Un impressionnisme informel
Par Eric Clémens, philosophe et écrivain
Voilà quelques années déjà que Rachel Silski s'acharne : à peindre la disparition impossible de la peinture, contre vents et marées des performances, des ready made ou des tags, à peindre contre le dilemme piégé de l'abstraction et de la figuration, à peindre ce qui touche à l'irreprésentable, les mythes les plus archaïques, les violences guerrières, les corps fragmentés, hachés... En même temps, dans cette esthétique du discontinu, son abandon aux aventures de la couleur aura toujours réintroduit sinon une réconciliation, au moins une efflorescence marquée même par le surgissement rouge des coquelicots dans les champs dévastés des massacres de 14-18...

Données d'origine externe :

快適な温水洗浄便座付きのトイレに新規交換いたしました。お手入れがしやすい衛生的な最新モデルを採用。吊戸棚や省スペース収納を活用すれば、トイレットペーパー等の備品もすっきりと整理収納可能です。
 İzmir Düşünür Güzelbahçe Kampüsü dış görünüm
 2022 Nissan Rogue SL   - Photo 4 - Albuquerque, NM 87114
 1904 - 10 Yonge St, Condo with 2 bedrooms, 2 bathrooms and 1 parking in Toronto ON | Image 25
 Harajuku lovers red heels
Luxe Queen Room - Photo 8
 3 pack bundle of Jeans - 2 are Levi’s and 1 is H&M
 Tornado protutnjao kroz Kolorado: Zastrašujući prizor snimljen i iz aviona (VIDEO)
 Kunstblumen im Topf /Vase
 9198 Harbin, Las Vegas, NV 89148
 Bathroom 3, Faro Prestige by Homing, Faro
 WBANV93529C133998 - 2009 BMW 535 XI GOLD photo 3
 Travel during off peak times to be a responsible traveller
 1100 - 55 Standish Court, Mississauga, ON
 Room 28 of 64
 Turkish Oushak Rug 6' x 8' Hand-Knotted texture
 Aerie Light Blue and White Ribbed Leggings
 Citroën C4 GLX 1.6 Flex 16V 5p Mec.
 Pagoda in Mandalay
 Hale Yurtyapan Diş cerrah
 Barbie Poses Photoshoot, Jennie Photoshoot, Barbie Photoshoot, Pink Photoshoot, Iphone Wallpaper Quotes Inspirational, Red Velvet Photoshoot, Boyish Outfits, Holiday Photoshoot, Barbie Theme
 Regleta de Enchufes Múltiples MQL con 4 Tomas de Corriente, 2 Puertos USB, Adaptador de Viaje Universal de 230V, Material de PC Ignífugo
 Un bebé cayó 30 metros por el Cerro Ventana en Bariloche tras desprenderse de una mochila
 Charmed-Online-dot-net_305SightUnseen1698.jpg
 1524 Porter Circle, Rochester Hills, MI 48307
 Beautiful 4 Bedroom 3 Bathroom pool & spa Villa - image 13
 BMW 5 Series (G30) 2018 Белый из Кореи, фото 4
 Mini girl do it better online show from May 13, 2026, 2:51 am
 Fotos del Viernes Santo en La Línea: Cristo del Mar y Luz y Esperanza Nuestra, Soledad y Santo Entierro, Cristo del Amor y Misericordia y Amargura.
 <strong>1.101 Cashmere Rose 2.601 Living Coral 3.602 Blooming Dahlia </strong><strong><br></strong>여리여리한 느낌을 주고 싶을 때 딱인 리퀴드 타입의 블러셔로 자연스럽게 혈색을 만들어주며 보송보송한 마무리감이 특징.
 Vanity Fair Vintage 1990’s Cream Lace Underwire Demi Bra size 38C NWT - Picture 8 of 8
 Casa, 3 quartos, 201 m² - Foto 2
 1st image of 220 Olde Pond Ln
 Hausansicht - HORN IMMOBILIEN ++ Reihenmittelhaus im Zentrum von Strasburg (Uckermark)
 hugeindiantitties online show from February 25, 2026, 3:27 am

Est-ce le motif - risqué, sur tous les plans, personnel comme artistique - de son voyage au Liban en août 2013, pays de tensions s'il en est ? L'expression de « guerre civile », par son absurdité littérale, en même temps que celle de « proximité menaçante et menacée » d'Israël sont autant d'antinomies qui ne peuvent que pro-voquer l'artiste, c'est dire l'inquiéter. Mais elle ne s'y rend pas pour repérer les lieux de guerre, elle y va pour percevoir des paysages, les forêts de cèdres. Est-ce afin de trouver l'apaisement à l'ombre des violences ? Ces forêts sont toutes dans des réserves dites naturelles. Silski en parcourt quatre (Ehden, Bcharré, Oadisha, Barouk ou Chouf), s'y enfonce, les photographie en noir et blanc, prend quelques notes et croquis, revient en Belgique, les peint de mémoire par séries de 8, 6 ou 4 petits formats, de 20 à 30 cm, à l'huile sur papier toilé.
Elle ne travaille jamais sur le motif, elle végétalise les arbres, elle les rend à l'eau, par coulées de couleurs vertes. Ces séries paraissent des monochromes, mais précisément, un parfait monochrome n'existe pas plus qu'un cercle parfait dans la nature. Seule la dénaturation, en réserve, en séries, en liquides, approche de la simplicité indistincte et insaisissable de ces arbres à leur origine. A peine l'esquisse d'un tronc s'échappe-t-il parfois du fond...
Du Liban, de ses cèdres célèbres en travers de ses guerres, Rachel Silski nous donne à voir l'impression des informes. Une perception fluente et matérielle, aqueuse, nuageuse, buissonneuse, à l'image limpide et sombre de notre monde.